The best show of the night, though, was back on campus. We went to see George Takei take part in a lecture series. He had a full house, as you can see from our near-the-back-of-the-auditorium seats:

He talked Trek, of course, but most of his lecture was about his activism, and his family history. He’s got that incredible story: internment camp as a kid, watching his father re-build his life as a teen, becoming an actor, becoming a politician and a activist and then his coming out and his continued activism. He’s funny, he’s poignant, he’s powerful and passionate. Like a true stage performer, he stayed in almost one spot the entire night. He must be a light tech’s dream, he never moves.

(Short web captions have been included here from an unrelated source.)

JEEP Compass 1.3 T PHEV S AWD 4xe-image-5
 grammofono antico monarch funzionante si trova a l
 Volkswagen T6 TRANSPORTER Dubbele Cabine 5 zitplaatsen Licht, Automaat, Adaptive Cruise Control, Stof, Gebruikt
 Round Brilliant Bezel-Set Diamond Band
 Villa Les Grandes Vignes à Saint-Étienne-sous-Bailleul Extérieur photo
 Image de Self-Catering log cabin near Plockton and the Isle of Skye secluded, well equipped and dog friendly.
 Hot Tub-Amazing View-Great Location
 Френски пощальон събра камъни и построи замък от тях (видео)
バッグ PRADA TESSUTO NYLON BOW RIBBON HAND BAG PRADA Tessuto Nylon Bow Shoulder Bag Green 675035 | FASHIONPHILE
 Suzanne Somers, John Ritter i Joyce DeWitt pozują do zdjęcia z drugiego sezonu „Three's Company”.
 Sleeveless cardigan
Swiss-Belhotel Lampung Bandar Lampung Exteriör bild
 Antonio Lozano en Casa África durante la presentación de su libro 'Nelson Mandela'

That’s why I could never be a stage performer. I’d hit my marks. And then I’d hit everyone else’s too. Also, the lines. I took some great improv classes in college — because the professor was energetic and it seemed like a good way to get ready for some less-interesting class — and I learned that I’d never do well with remembering my lines. And, lo, another performer’s career that wasn’t.

Also, I studied method acting, specifically, Stanislavski’s system, which seemed obvious and basic enough to not be real. And if you can’t experience the system that is trying to teach you to experience the role then you’re probably doing it wrong. I never could get past the part of the method where it wasn’t just a guy struggling to remember his lines and hit everyone’s marks.

I thought about that while enjoying ice cream cake tonight. It was a great experience.


15
Sep 17

Things I saw today

We skipped town after work today. In the parking deck we found a Karmann Gia sitting nearby:

I believe this may be a 1971 model. For a time during its 1955-1974 production run this car was imported into the U.S. more than any other.

Just a nearly perfect car design.

It doesn’t have much on the Toyota Camry though, am I right? I mean here we see the side view mirror and the sun, which is closer than it appears:

That’s something to think about over the weekend, huh?

Saw this at the barbecue joint we ate at tonight:

I wanna be big.


13
Sep 17

Anyone want to go bowling?

I visited the surplus store this evening. The surplus store is where all of the furniture and old equipment and supplies from the nine Indiana University campuses come to find a new life. If you need binders or filing cabinets or random chairs or old classroom desks or Adidas gear you’ll come away happy every time. It is worth a periodic visit for other things, too, under the You Never Know principle.

Lately, though, most of the stuff I’ve seen worth admiring has been in some mysterious “Not for sale” section behind staff only rope lines.

Tonight, though, I found these:

They must have been on display in some larger athletic department area. The images are pixellated up close, but you’d be impressed by all of the old logos from middle-of-the-road bowl games of postseasons past.

A television show the students produced last night:

And here’s another one:

And there will be two more tomorrow night.


12
Sep 17

This is one of my favorite autumn jokes

You find the first maple tree you can, because it is always maples, owing to their physiology, and you wait until the first leaf goes. Then you point that out:

And you say “Maple leaves are quitters!”

You can tell a lot about a person by the sorts of jokes they like. The people that like that joke, the people that get that joke, are worthy of more such cynical, nerdy humor.

Anyway, I saw that leaf today. I had to deliver a lecture on recording sound — photographs yesterday, sound today, television tonight, video tomorrow, that multimedia experience is paying off this week! — gathering and editing. On the way back to my own building afterward was when I found that leaf, the first real sign of autumn, the first real quitter of the season.

And thus begins the long sigh into winter.